A divorced mom faces a lonely Fourth of July. But with a little faith, she discovers a new independence.
Ah, the Fourth of July. That meant one thing: It was Lake Junaluska time!
For over 20 years, my family had been celebrating Independence Day there. We’d spend the week in a cabin at the lake, grilling, playing cards and roasting s’mores over the fire late into the night.
The highlight of our trip was a hike to the top of Way Mountain–a pristine peak nestled in rolling hills surrounding the lake–to watch the fireworks and camp overnight. I loved seeing the kaleidoscope of colors.
The trip was a tradition. Even after my husband and I divorced, I went with our four sons. But now the boys were grown, and though I’d been putting bugs in their ears for weeks about our trip, no one had committed.
The morning of the Fourth, I picked up the phone and tried again. “Hey, it’s time for our trip to the lake. You in?” I asked my youngest. “Sorry, Mom. I have plans with friends this year.” And so it went.
At three o’clock that afternoon, I gave up. Might as well just stay home this year, I thought, slumping on the couch. It wasn’t like I could go to the lake alone–I mean, I was still struggling with living on my own. Besides, I couldn’t bring my yellow Lab, Molly. She’d be too scared.
As if she knew I was thinking about her, Molly trotted over and draped herself across my feet. She came into my life several years after the divorce. My third son rescued her from an abusive home where she’d been left to fend for herself because she was the runt.
He didn’t need to ask if I wanted to keep her. One look into her pleading cocoa eyes and I melted.
Now Molly was two years old, healthy and strong. But she still hadn’t recovered from the abuse she’d survived as a puppy. She was wary of strangers and skittish in new situations.

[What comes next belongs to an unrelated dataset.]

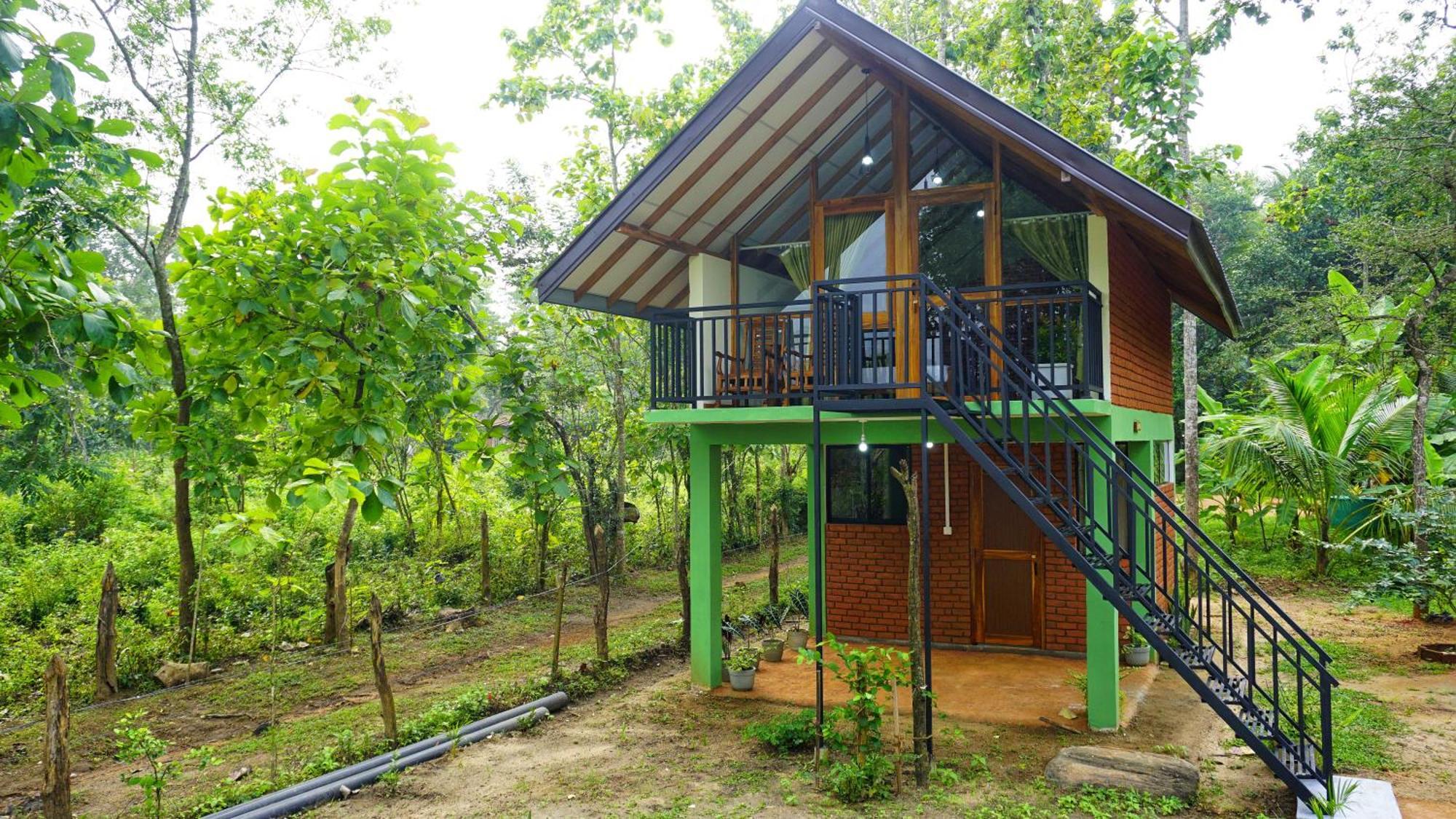 Sigiri Saat Cabana Sigiriya Exterior photo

“We’re just a couple of homebodies, you and I,” I said, reaching down to scratch her ears. Except for a homebody, I was feeling restless sitting there on the couch. Lord, please let me get used to being on my own, I prayed, not for the first time. Help me know you are all I need.
Suddenly, I felt an inexplicable urging. I wanted to–no, had to–go to the lake. I grabbed a quilt, a tent, two cans of dog food and some cheese and crackers. It was impulsive, foolish even. I’d never been a spontaneous person. But it was a feeling I couldn’t ignore. Is this you, God? I wondered.
“C’mon, girl,” I said to Molly. We hopped in the car and hit the road. The lake was calling and we were answering.
We got there around 6:30 in the evening and started up the winding trail to the top of Way Mountain. Wild turkeys, hawks and chipmunks were everywhere! It was a scene right out of Wild America.
Molly had never been around so many other animals before. I figured she’d get overwhelmed and go stock-still. I bent down to her level and stroked her soft fur. “I know this is a lot to take in, girl, but you’ll be okay. Just stay close to me.”
The next thing I knew she took off. “Molly!” I shouted. She ran up ahead, darting through the trees like a flash of lightning. “Molly, come back!” I called again. She turned, cocked her head and flashed me a wide doggie grin–a stick hanging halfway out of her mouth. I busted up laughing.
Finally, she scampered back down to me, her tail swooshing wildly. It was like she was a new dog, bold, ready for adventure.
By dusk, we’d reached our family’s campsite. I unpacked the tent and almost cried. “Now, Mol, how am I supposed to set this thing up?” I asked.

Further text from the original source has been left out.